In life, we have special occasions we want to celebrate where we may not eat healthy and clean. Over these 6-weeks, we want you to adhere to the bootcamp guidelines to the best of your ability, but if you slip up, hold yourself accountable, deduct your points on the food log app, and then write in the entry field at the bottom what your purpose was for slipping up. We will be reading these!

We are all human and can’t be perfect. As long as we recognize these instances and then get back on the horse the next meal, you’ll be ok.

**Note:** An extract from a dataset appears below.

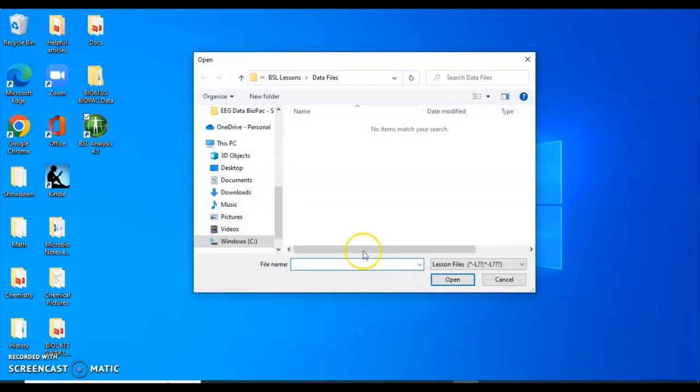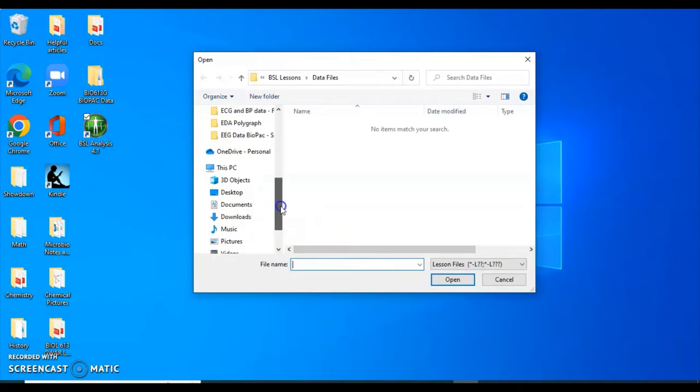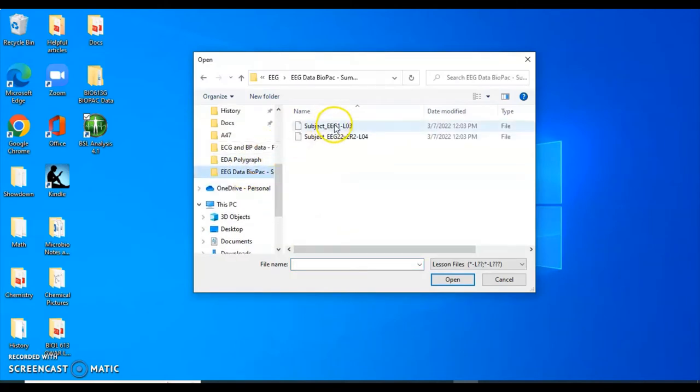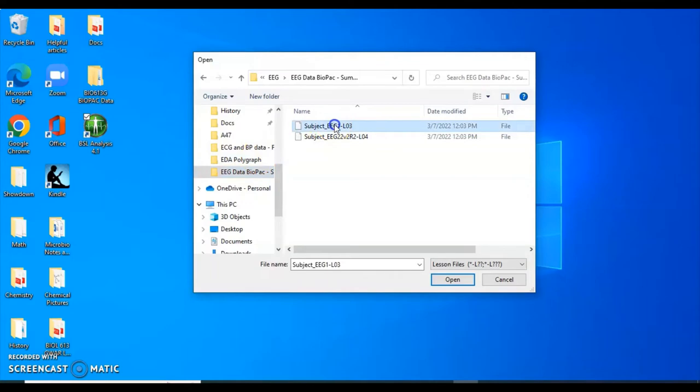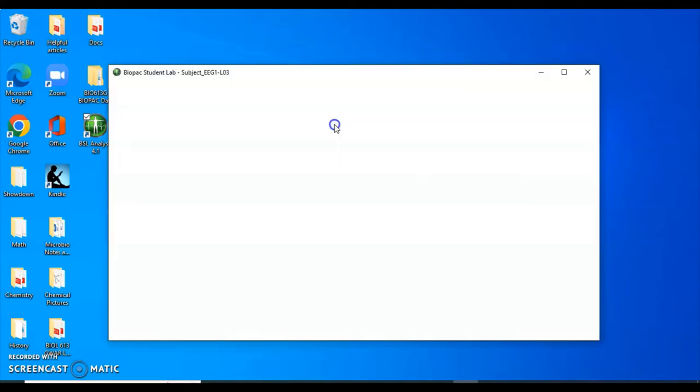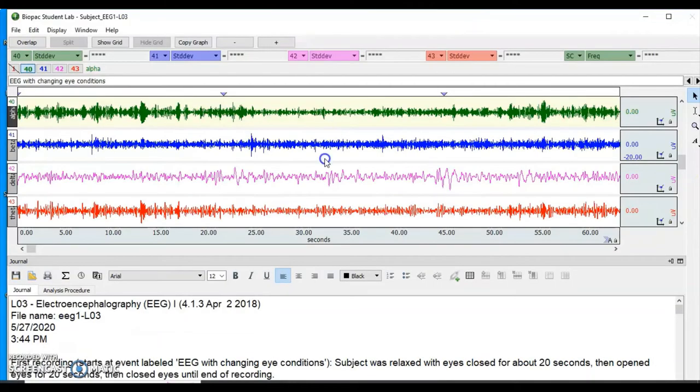and you should be able to choose your files. Simply select the BioPak data you want to analyze, and a screen like this should pop up.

That’s what we are aiming for you guys to find during this challenge - your own method of accountability.

Week 1 Homework
✅ Plan Your meals for the week!

Whether you like to write it down on paper, type it in your phone, or enter it in your calendar, we want you to start thinking about what your week is going to look like and how you can set your meals based on your individualized plan.

Tip- Refer to the food list and highlight things you know you like to eat. This will help narrow down your meals.

Once you’ve completed your plan, mark this task complete on the Wodify Rise App. The task will appear on Monday, 10/15.